A cheesy way would be to brute force, you'd end up with something like this:

#include <stdbool.h>
#include <stdio.h>
#include <math.h>

// The treshold mentioned in the exercise.
#define TRESHOLD (0.0001)

// Test number.
#define N (0.123456789)

int  max   (const int l, const int r);
bool solve (const double n, int* const a, int* const b, int* const c, int* const d);

int max(const int l, const int r)
{
    return (l > r) ? l : r;
}

bool solve (const double n, int* const a, int* const b, int* const c, int* const d)
{
    // Iterate over the possible 'a' values.
    for ((*a) = 24; (*a) <= 100; (*a)++)
    {
        // The check for 24 <= b <= 100 is implicit due to a's bounds.
        // Should make it explicit if you want the ranges as variables.
        for ((*b) = max(73 - (*a), 24); (*b) <= 121 - (*a); (*b)++)
        {
            // iterate over the possible 'c' values.
            for ((*c) = 24; (*c) <= 100; (*c)++)
            {
                // Same as for 'b' here.
                for ((*d) = max(90 - (*c), 24); (*d) <= 134 - (*c); (*d)++)
                {
                    // Found an answer.

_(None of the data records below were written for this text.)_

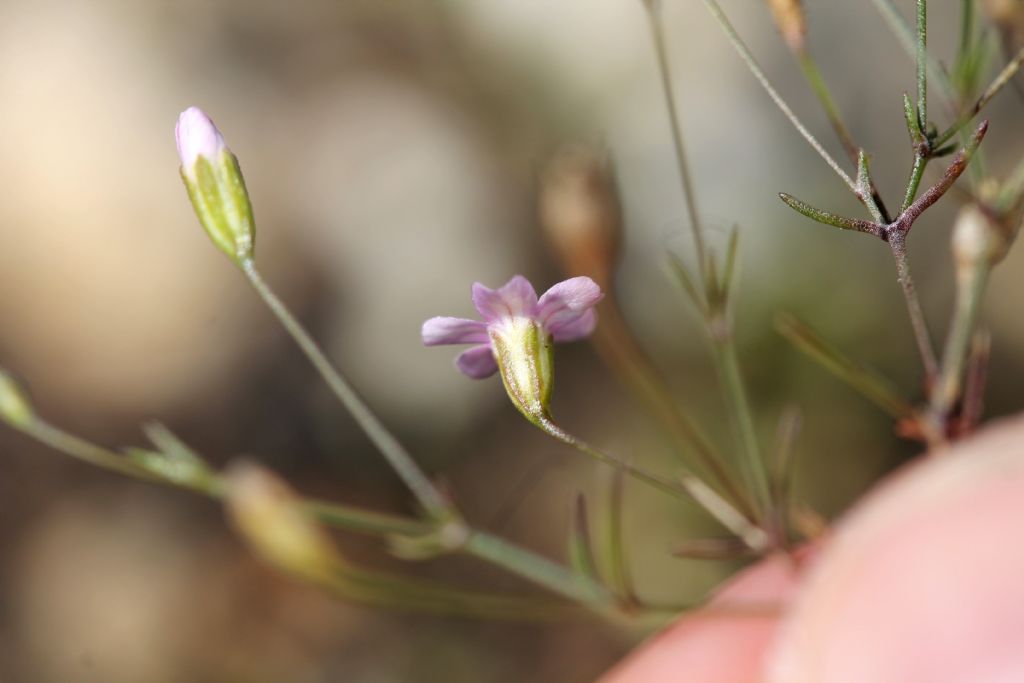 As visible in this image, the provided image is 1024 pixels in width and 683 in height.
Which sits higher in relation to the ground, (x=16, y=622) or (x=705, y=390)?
(x=16, y=622)

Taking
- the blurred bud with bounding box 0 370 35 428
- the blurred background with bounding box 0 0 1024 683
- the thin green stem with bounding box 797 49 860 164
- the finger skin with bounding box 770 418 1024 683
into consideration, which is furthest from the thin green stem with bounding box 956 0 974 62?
the blurred background with bounding box 0 0 1024 683

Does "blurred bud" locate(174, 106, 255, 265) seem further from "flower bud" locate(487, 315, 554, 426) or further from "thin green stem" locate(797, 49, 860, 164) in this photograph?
"thin green stem" locate(797, 49, 860, 164)

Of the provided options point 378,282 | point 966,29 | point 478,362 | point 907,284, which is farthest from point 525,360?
point 378,282

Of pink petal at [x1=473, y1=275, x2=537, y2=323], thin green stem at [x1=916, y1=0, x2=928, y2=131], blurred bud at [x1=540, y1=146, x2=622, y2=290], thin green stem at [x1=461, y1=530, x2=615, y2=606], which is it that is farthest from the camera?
blurred bud at [x1=540, y1=146, x2=622, y2=290]

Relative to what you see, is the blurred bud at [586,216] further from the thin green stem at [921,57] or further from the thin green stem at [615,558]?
the thin green stem at [921,57]

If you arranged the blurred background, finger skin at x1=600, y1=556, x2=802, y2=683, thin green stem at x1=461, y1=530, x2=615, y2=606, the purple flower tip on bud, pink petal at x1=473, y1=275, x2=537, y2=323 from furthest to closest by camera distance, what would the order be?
the blurred background, finger skin at x1=600, y1=556, x2=802, y2=683, thin green stem at x1=461, y1=530, x2=615, y2=606, the purple flower tip on bud, pink petal at x1=473, y1=275, x2=537, y2=323

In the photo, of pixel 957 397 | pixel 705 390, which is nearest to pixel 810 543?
pixel 957 397

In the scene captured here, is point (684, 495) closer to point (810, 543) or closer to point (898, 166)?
point (810, 543)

Should add a a treshold for accuracy due to floating points.
                    if (fabs(n - ((double)((*a) * (*c)) / ((*b) * (*d)))) <= TRESHOLD)
                    {
                        // Found the answer.
                        return true;
                    }
                }
            }
        }
    }

    return false;
}


int main()
{
    int a, b, c, d;

    // Will get rounded.
    printf("Trying to solve the equation for n ~= %.15f..\n", N);

    if (solve(N, &a, &b, &c, &d))
    {
        printf("Solution found: (%d / %d) * (%d / %d) ~= %.15f\n", a, b, c, d, N);
    }
    else
    {
        printf("No solution found!\n");
    }

    return 0;
}

Doing it efficiently is more interesting though, wouldn't be quite sure how I'd do that. Your ideas so far would probably be good, assuming you spend more time pondering on it than I did.

Comments
Cheesy or not, giving away the answer is unhelpful

I thouht about this problem but i couldnt find the answer.It was so hard for me.I need the solution...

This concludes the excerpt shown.